L’impossible révision de la LAMal

Mercredi 21 janvier 2004
L’INVITÉ – JACQUES NEIRYNCK
Ancien conseiller national

Après trois ans de vaines palabres, la révision de la LAMal vient d’échouer devant le Parlement, après que le Conseil fédéral l’a lui-même sabordée. La matière est devenue tellement embrouillée que personne n’y entend plus rien. Quelles réformes dans quel but? Réponse: beaucoup de propositions sans espoir de diminuer les coûts. Il faut donc qu’à la base de mauvais choix aient été faits.

La LAMal essaie d’atteindre deux objectifs totalement différents et même contradictoires: assurer le citoyen ordinaire contre les coûts démesurés de certains traitements médicaux lourds; permettre aux personnes démunies d’être néanmoins correctement soignées.
Le premier objectif est la mutualisation du risque, classique dans toutes les assurances. Il y a peu de chances que ma maison brûle, mais c’est une catastrophe pour moi si cela m’arrive. Dès lors, avec tous les propriétaires je constitue un fonds destiné à indemniser les victimes. Collectivement, l’ensemble des propriétaires assument, année après année, la totalité du coût des sinistres. La collectivité ne subsidie en rien ce mécanisme.

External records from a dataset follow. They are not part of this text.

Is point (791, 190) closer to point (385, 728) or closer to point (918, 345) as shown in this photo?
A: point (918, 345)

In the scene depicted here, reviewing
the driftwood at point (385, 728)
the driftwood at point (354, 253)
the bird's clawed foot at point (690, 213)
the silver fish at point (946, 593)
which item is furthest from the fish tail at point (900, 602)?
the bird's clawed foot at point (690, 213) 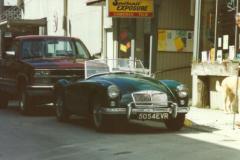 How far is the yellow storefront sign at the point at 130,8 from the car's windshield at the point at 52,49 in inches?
171

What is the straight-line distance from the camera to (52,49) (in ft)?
55.2

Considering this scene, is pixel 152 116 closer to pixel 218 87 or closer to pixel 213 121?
pixel 213 121

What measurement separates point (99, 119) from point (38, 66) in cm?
387

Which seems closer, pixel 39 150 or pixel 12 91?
pixel 39 150

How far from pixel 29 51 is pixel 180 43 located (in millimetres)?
7182

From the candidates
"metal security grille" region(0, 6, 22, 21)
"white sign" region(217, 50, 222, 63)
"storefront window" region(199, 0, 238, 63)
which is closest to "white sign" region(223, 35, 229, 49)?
"storefront window" region(199, 0, 238, 63)

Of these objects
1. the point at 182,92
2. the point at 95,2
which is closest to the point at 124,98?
the point at 182,92

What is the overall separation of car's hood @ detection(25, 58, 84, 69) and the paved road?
6.40ft

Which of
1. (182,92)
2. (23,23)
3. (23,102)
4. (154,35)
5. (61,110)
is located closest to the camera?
(182,92)

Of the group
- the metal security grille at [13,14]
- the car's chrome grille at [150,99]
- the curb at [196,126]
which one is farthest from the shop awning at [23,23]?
the car's chrome grille at [150,99]

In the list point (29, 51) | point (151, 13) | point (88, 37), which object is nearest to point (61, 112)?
point (29, 51)

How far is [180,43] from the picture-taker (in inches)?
887

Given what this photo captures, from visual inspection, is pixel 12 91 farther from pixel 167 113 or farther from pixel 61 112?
pixel 167 113

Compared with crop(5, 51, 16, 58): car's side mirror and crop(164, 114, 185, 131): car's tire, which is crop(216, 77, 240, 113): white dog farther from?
crop(5, 51, 16, 58): car's side mirror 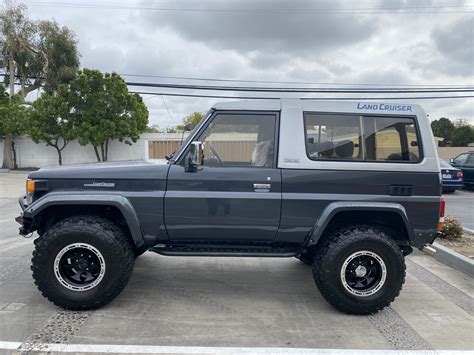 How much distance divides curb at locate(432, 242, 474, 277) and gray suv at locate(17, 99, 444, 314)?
185 centimetres

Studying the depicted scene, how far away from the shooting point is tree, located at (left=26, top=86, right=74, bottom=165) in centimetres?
2052

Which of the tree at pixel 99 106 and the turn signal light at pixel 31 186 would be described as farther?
the tree at pixel 99 106

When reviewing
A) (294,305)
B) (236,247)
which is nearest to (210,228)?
(236,247)

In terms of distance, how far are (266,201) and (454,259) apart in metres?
3.52

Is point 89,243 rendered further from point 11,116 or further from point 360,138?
point 11,116

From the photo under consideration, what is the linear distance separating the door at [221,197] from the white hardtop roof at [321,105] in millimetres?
172

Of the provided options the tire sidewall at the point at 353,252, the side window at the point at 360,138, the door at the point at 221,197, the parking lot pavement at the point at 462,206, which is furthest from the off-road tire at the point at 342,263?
the parking lot pavement at the point at 462,206

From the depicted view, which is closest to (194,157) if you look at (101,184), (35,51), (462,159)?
(101,184)

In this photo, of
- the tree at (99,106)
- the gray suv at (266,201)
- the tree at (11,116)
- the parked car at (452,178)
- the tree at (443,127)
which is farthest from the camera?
the tree at (443,127)

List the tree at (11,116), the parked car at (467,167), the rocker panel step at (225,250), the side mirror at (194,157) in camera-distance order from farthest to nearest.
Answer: the tree at (11,116) → the parked car at (467,167) → the rocker panel step at (225,250) → the side mirror at (194,157)

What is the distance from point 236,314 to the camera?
3.93 metres

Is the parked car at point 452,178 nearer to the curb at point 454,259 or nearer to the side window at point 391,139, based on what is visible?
the curb at point 454,259

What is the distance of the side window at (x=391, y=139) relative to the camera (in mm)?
4055

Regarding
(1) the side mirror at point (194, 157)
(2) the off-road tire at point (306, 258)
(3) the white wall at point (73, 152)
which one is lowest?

Le second objectif relève de la solidarité. Il n’est pas tolérable que des gens souffrent ou meurent parce qu’ils n’ont pas les moyens de se payer des soins médicaux relevant de la pratique courante. Il faut donc que la collectivité publique finance ces soins par le recours au budget, cantonal ou fédéral, alimenté par les impôts. Les revenus élevés paient pour ceux qui ne le sont pas.
Le système actuel tente de poursuivre ces deux objectifs en traitant de la même façon tous les assurés. On demande à chacun de payer des cotisations et d’accepter une franchise indépendamment de son état de fortune. Une fois que ce paiement est fait, chacun essaie de récupérer au maximum sa mise en consommant le plus possible. Les coûts explosent. Forcément. Si le pain était gratuit, on jetterait énormément de pain.
Globalement, les frais de santé ne pèsent pas plus en Suisse que dans d’autres pays développés, un peu plus que 10% du produit national. D’une façon ou d’une autre, par ses primes, par ses paiements directs ou par ses impôts, le citoyen moyen dépensera 10% de son revenu. Il serait donc logique qu’il accepte une franchise s’élevant à 10% de ce revenu, complétée par une petite assurance pour les grands risques. Contraindre cette catégorie de citoyens à adhérer au système actuel revient à générer une paperasse inutile. Ils pourraient aussi bien assumer directement leurs frais courants puisqu’ils le font de toute façon.
En revanche, certaines familles ne peuvent absolument pas supporter une franchise, pas plus qu’elles ne peuvent payer une prime à ce niveau. Aussi longtemps que la prime sera individuelle et non pas unique pour toute la famille, on empêche de fait les revenus moyens de supporter une famille comportant plus de deux ou trois enfants. La LAMal est donc un facteur, parmi d’autres, de baisse de natalité, de déséquilibre démographique et de vieillissement de la population, donc d’augmentation des coûts. Ici la collectivité doit prendre les coûts en charge.
La médecine progresse. Tant mieux. La durée de vie s’allonge. Tant mieux. Mais cela a un prix. On doit s’attendre que le coût de la santé absorbe un pourcentage croissant du produit national. Si on parvient à soigner les maladies du système nerveux comme l’Alzheimer ou le Parkinson, ce seront 15% du revenu que la médecine absorbera.

Si on ne veut pas affecter une telle fraction de nos revenus à nous soigner, alors il n’y a qu’un choix possible: rationner les soins. C’est ce qui avait déjà été proposé avec la suppression de l’obligation de contracter des caisses maladie ou encore le moratoire sur l’ouverture de nouveaux cabinets. Mais si ce choix est fait, il faut que cette décision soit claire pour tout le monde. Des patients qui pourraient être soignés vont mourir parce que l’on ne veut pas dépenser. Sauf pour les riches qui se feront soigner à leurs frais.